Da quel giorno ogni bellezza è relativizzata da questa visione di una bellezza inconfondibile; d'altronde, da quel giorno, so di poter trovare ovunque un seme di bellezza.

L'arte è vanificata, e nello stesso tempo trova una struggente ragione d'essere. Infatti, se Dio vede il mondo così, urge mostrarlo come lui lo vede. E questa è l'arte.

Il gallerista

Un amico di famiglia mi presentò ad un grande gallerista parigino che apprezzò i lavori del giovane artista. Generoso, mi spiegò i requisiti per essere assunto nella sua scuderia, con futuro assicurato. Bastava scegliere una caratteristica formale, facilmente individuabile dal mercato, e attenervisi. Mi mostrò lavori dei suoi protetti. Sì, ognuno aveva sviluppato uno stile di moda, neanche sgradevole per la verità, ma già chiuso su sé stesso, già vecchio. Fuggii, disgustato.

Il "Centro Maria"

Nell'ottobre 1961, Chiara parlò di un Centro artistico dell'Opera, il "Centro Ave Maria". Doppio, il "Centro Ave", femminile, e il "Centro Maria". Per suggellare questa nascita, Chiara diede a Silvana Cerquetti il nome di Ave. Il Centro Ave si è sviluppato finora come si sa, ma il Centro Maria sparì nell'oblio.

Negli stessi giorni, Chiara mi chiese un disegno per un biglietto d'auguri natalizi. Disegnai una Natività che pure sparì nell'oblio.

In realtà, Chiara l'aveva scelta. Era stata stampata con, negli auguri, due sbagli d'ortografia. Tutti biglietti erano stati distrutti.

In basso a sinistra, Chiara aveva fatto scrivere: Centro Maria. Il Centro Maria era nato, insieme con il Centro Ave, ma nato morto.
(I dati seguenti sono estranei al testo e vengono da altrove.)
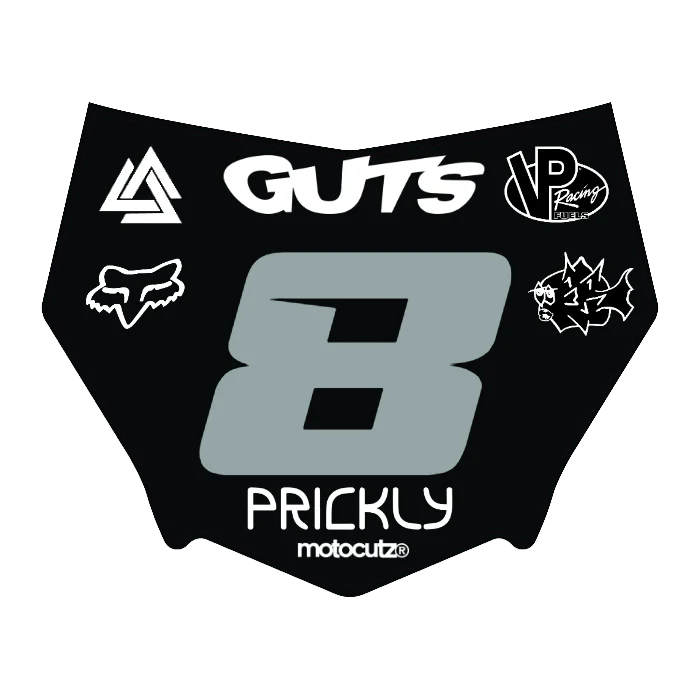 CUSTOM MOTOCUTZ FRONT PLATE DECAL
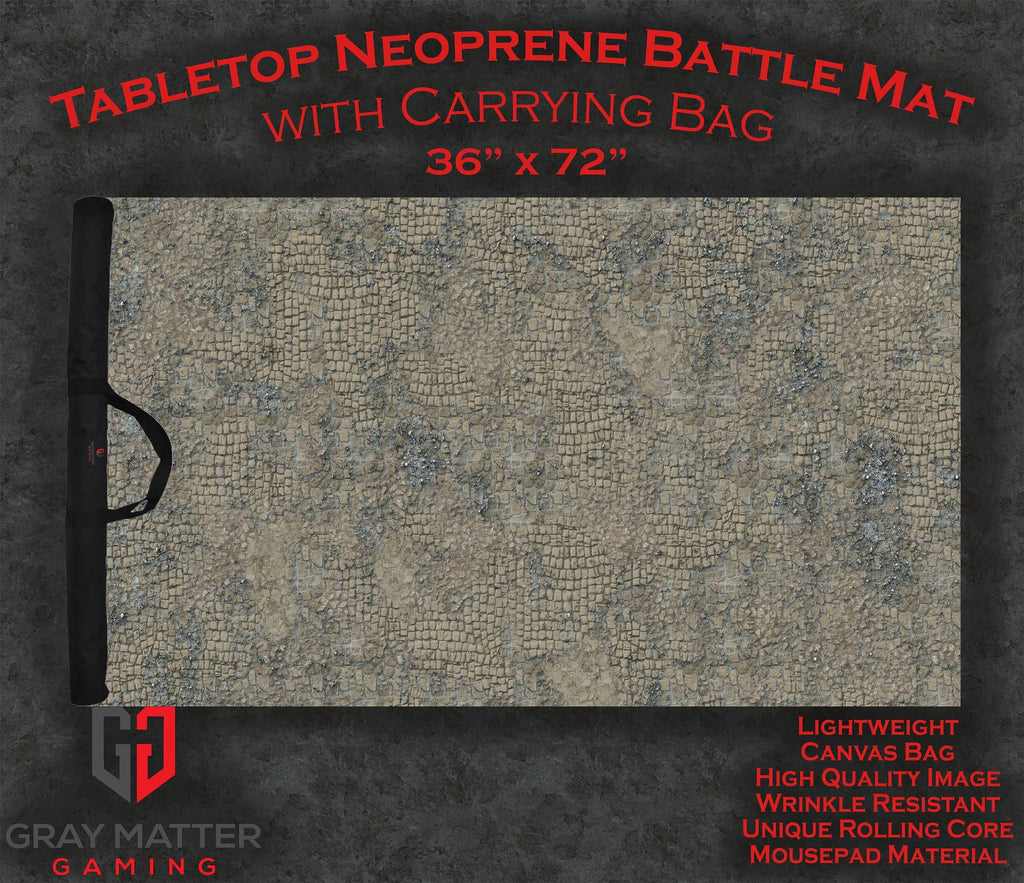Broken Cobblestone - Neoprene Battle Mat with Bag - 36x72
Per me quest'episodio dell'aborto, per così dire, del Centro Maria è l'apologo della mia intera esperienza artistica nell'Opera: perdere e ritrovare, per perdere ancora e più radicalmente.

Madre del Bell'Amore

Ero profondamente consapevole dell'obbligo di non seppellire i miei talenti per paura, né mancare d'olio per negligenza. Non gli altri erano responsabili del disegno di Dio, neanche i miei superiori. Obbedienza leale e distacco gioioso, nel rispetto scrupoloso dei doni di Dio.

Di tutto questo parla uno scambio di lettere con Chiara. "Com'è che oggi provo il bisogno di fare il punto? Forse perché la mia vita ti appartiene. Forse perché sono nato con te nello spirito di Dio, e perché sono una delle sue parole nella sua parola che sei tu. Non vorrei mai parlare di me, e forse questo spiega il mio silenzio abituale con te, ma oggi scopro di più che non esisto. Tu esisti. Sono uno di te. Dal mio incontro con te lo so. Non c'è mai stato un dubbio a questo proposito. Ho sempre e solo aspirato ad annullarmi per farti posto, per permetterti di vivere in un'altra individualità, di parlare un'altra lingua, di penetrare in altri ambienti, di esprimerti con altri mezzi, di vedere con altri occhi, d'amare con un altro cuore, di soffrire altre sfumature del dolore.

Ho fatto il tuo incontro or son quindici anni, e provo oggi il desiderio di sapere chi sei in me. Chi senti di essere in me? Sei libera in me, o metto ostacoli al tuo amore, alla tua sofferenza? Cerco di cogliere il battito del tuo cuore nel mio, cerco di balbettare la tua parola nella mia, e mi sforzo di esserti fedele, ma chi sei in me?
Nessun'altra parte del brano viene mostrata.